2016 Residential Savings by Program Type

While the REED data category doesn’t only show the savings from lighting since it also includes appliances, it still goes to show that lighting is a significant percent of energy savings overall, and particularly important in the residential sector. In addition, lightbulbs make up a big portion of the retrofit/direct install activities. This is because some lightbulbs are installed as part of a walk-through audit or a larger weatherization effort and they can help make the entire project more cost-effective.
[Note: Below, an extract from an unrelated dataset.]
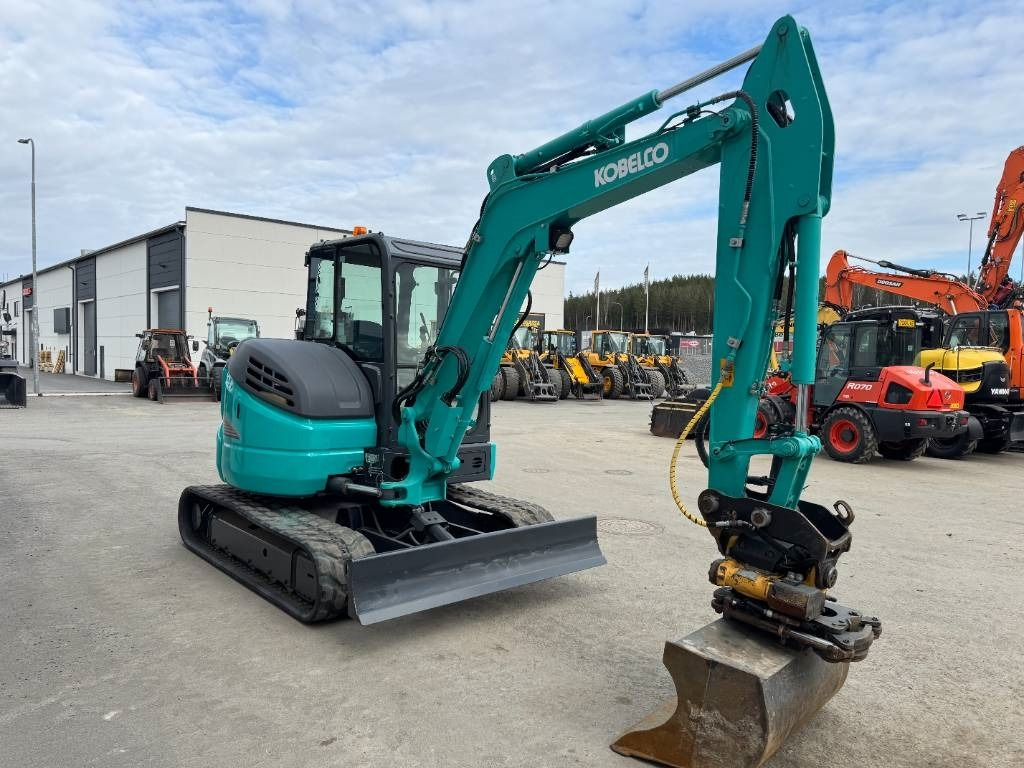 Mini excavator Kobelco SK45SRX-6 Pyörittäjä pihdeillä: Foto 6 Mini excavator Kobelco SK45SRX-6 Pyörittäjä pihdeillä: Foto 6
After 2020, we anticipate LEDs to be the predominant type of lightbulb available on most store shelves. Programs throughout the Northeast and beyond have had a huge impact on this transition by providing customer incentives to buy down the cost of efficient lighting. Looking at REED data since 2014 shows that while residential lighting programs have been a huge part of program portfolios, in some years it has waxed and in others it has waned.

Percent of Residential Savings From Lighting

Since signed into law in 2007, EISA has stated a round of lightbulb efficiency standards would take effect in 2020, but it has not been a straightforward path for U.S. DOE to adopt these new standards. There are some active debates and confusion around how DOE’s lightbulb standard will play out this year and into 2020. If the full impacts of the EISA 2020 standard currently on the books today were imposed on 1/1/2020, it is expected to make LEDs or CFLs the only technologies available for sale for a wide range of residential lighting applications. This would include standard bulbs, as well as many decorative and directional bulbs. This would not only save a tremendous amount of energy, but would demonstrate the huge success of efficiency programs in transforming the market and ensuring successful adoption of LEDs.
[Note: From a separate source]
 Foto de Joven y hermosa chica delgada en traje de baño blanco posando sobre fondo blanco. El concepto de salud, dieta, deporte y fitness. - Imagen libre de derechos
Imposing this standard ensures the market remains transformed. Program administrators have been preparing for the implementation of this standard and are looking towards innovative programs to take the place of residential lighting in energy efficiency programs. Since lighting has accounted for a significant portion of savings for utilities, we have seen a lot of creativity in recent three-year planning proceedings to make up for this transformed market.

For instance, Efficiency Maine Trust included the Innovation Program in the 2020-2022 triennial plan, which is used by the Trust to conduct pilot and demonstration projects of innovative types of energy efficiency, conservation, or alternative energy measures. By conducting pilots on a smaller scale before making large investment on the program design and incentives, the Trust is able to determine if the program is cost-effective and popular within the Maine marketplace.

Massachusetts also expanded the program offerings in the 2019-2021 energy efficiency plan to include energy optimization, active demand management, and energy storage as program offerings. Energy optimization broadens the focus of energy efficiency to include all fuels and open the door for strategic electrification.

Lighting has been a big deal in energy efficiency programs, particularly in the residential sector. As market transformation is solidified, other technologies will come to the forefront of the market to present new opportunities for market transformation. I think it’s time to toss the ball to the heating, cooling, and ventilation (HVAC) market.